I hope this type of news will improve the American Beef markets.

https://www.agweb.com/article/dirty-family-secret-is-behind-jbss-20-billion-buying-spree-blmg/


----------



## hillside hay (Feb 4, 2013)

Appears to be business as usual. The last ten years they've bought the majority of animals here.


----------



## Tim/South (Dec 12, 2011)

I wonder how many were bribed here in the U.S.? It has always been obvious there was market manipulation. JBS is a snake in the grass.

We are still buying 2,500 tons per month of Brazilian fresh beef. Why? (Don't answer)

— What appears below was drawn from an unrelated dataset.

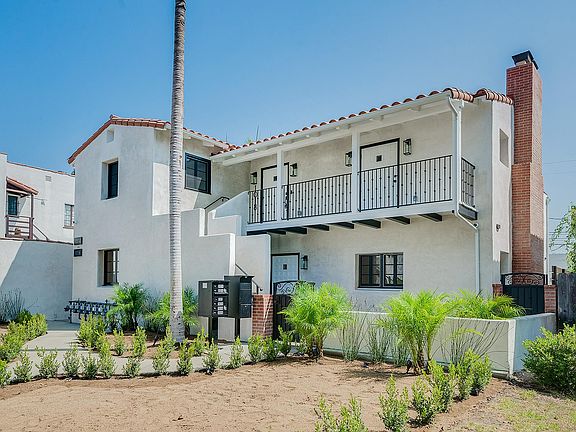 3rd image of 1016 S Hayworth Ave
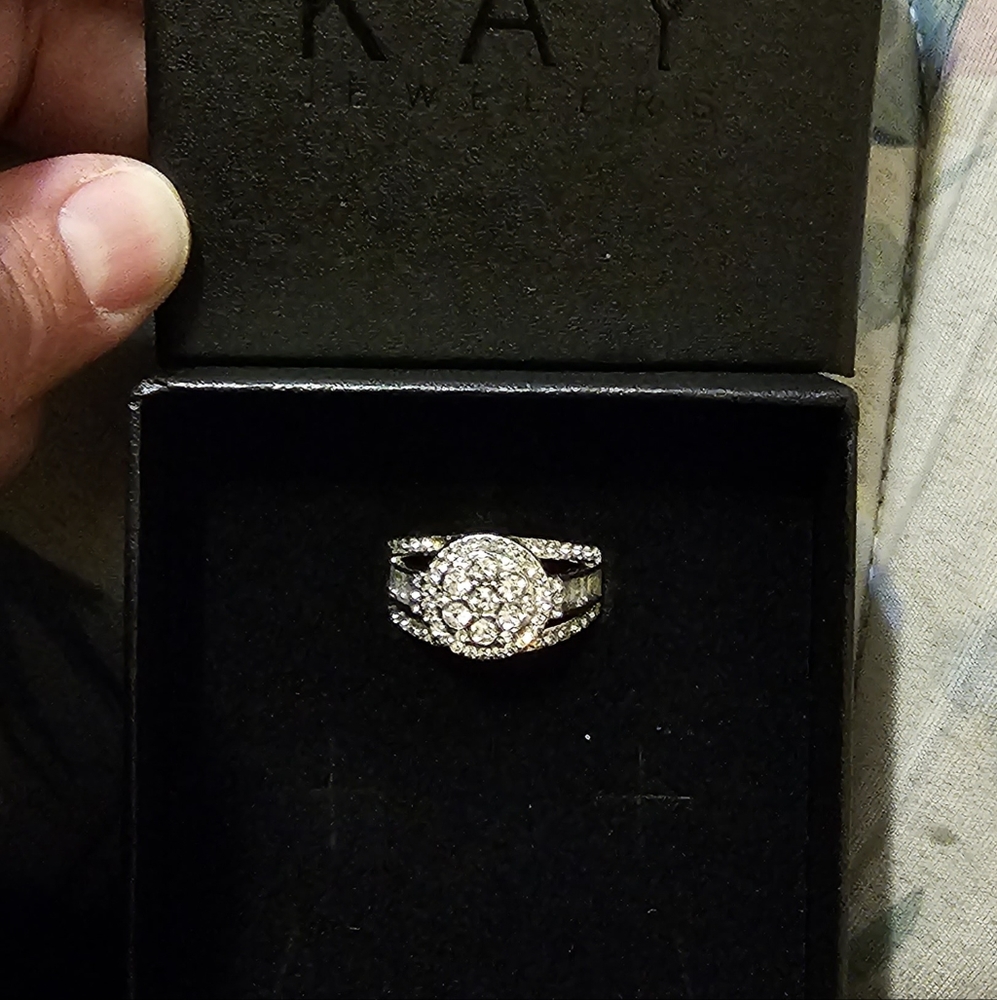 KAY'S jewelry Moissainanite silver ring sz. 7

> "Not only was JBS able to make purchases for loans secured with bribes, they were able to jump into the U.S. cattle market and outbid potential U.S. investors for these assets," he said. "Through ill-gotten means, JBS has been able to gain control of a large portion of the U.S. cattle industry.


----------



## carcajou (Jan 28, 2011)

I dont understand the immunity. To me its just another level of corruption offered too often.


----------



## Vol (Jul 5, 2009)

South America has always operated that way and they always will.....and you might as well add Latin America and Mexico. The US is getting pretty corrupt too....so what's a fella to do?

Regards, Mike


----------



## r82230 (Mar 1, 2016)

Find the least corrupt place to live........................... oh wait, is that even possible??? My Dad used to say "what's this world coming to", lucky for him he doesn't have to see it.

Larry


----------



## Waldo (Apr 29, 2016)

r882230 come down to oz corruption not the problem poloticians are.


----------



## Teslan (Aug 20, 2011)

JBS selling cattle feeding operations.

http://www.greeleytribune.com/news/business/jbs-usa-to-sell-its-us-cattle-feeding-operations/


----------



## Tim/South (Dec 12, 2011)

Teslan said:


> JBS selling cattle feeding operations.
> 
> http://www.greeleytribune.com/news/business/jbs-usa-to-sell-its-us-cattle-feeding-operations/


Interesting. Thanks for sharing.


----------